Je dirais que oui. Pour sa première publication, il a été édité deux fois en un an, ce qui est extrêmement rare. La troisième édition remonte au début des années 2000, à nouveau en deux volumes, un succès également. La dernière édition (2) me laisse un peu perplexe. Ce gros roman publié en un volume unique, c’est impressionnant. Du point vu de sa taille, il pourrait aller sur l’étagère où je range mes plus gros dictionnaires…

À la fin des années 1980, le doyen des critiques, László Baránszky-Jób, a écrit dans l’un de ses derniers articles qu’une génération ayant engendré deux écrivains tels que Péter Esterházy et Ferenc Temesi ne pouvait être qu’invincible…

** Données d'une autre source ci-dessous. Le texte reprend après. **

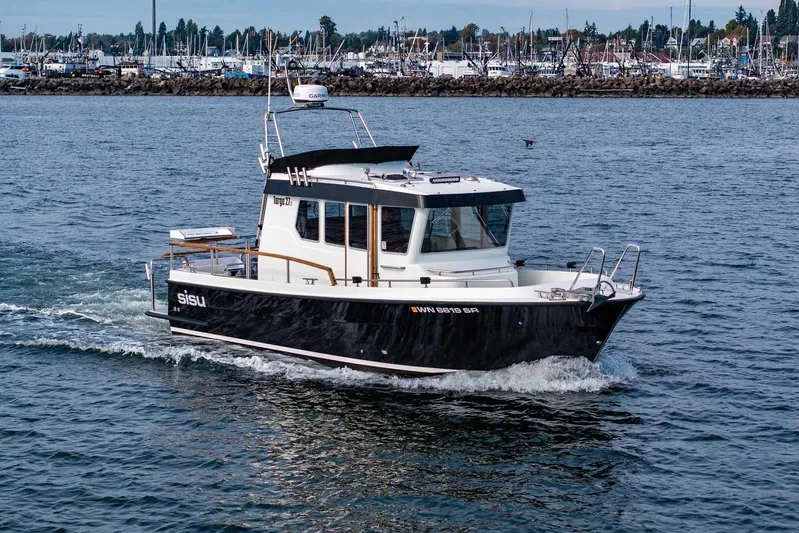  Yacht Photos Pics 2019 Targa 27.2 boat cruising on water near marina, showcasing sleek design and functionality.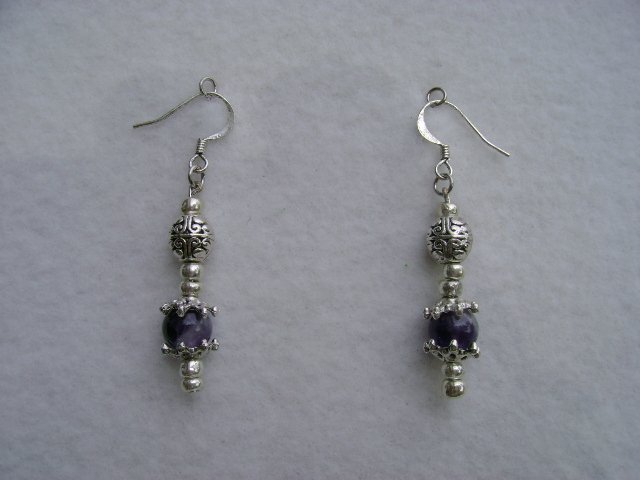 Purple Stone in Silver Caps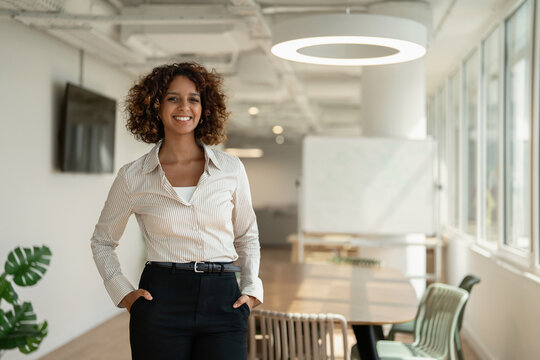 Smiling latin business woman standing for portrait in coworking office meeting room, looking at camera. In 30s, female analyst works as advisor, agent, banker, broker, accountant. Copy space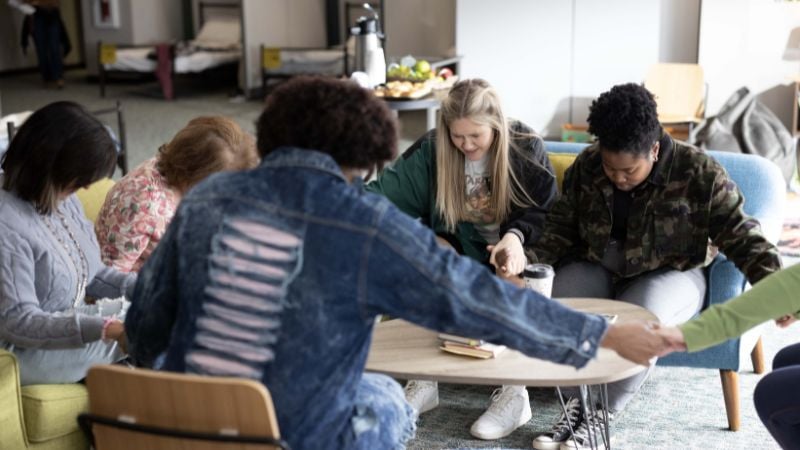 women-praying-on-set-of-divine-influencer-1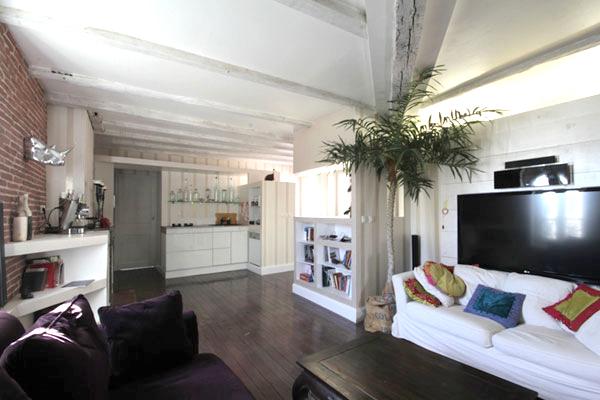 Rénovation totale d'un appartement dans le quartier Compans Cafarelli : le salon avec ses niches, le coin tv, le volume dressing qui sépare la chambre, les poutres apparentes - Projet par l'Atelier S architecte et architecte d'intérieur à Toulouse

Notre génération a permis aux œuvres romanesques de supplanter peu à peu la poésie qui jusque-là régnait en maître et de devenir le genre majeur de la littérature hongroise. Pour cette raison, nous n’étions du tout bien accueillis, pas du tout appréciés. Le pouvoir pressentait qu’avec nos romans nous allions renverser l’ordre établi. Et en effet, ce fut le cas. Nous étions nombreux mais dans le groupe, seuls dix ou douze environ avaient réellement quelque chose de sérieux à proposer. Esterházy, Spiró, en faisaient partie. Au départ, nous étions de très bons amis. Nous allions ensemble aux séances de dédicace, nous nous installions derrière les tables sur les trottoirs de la rue Váci, nous attendions que le copain finisse ses dédicaces pour ensuite aller boire un verre au bistro. On discutait, on plaisantait. Nous allions jouer au foot ensemble.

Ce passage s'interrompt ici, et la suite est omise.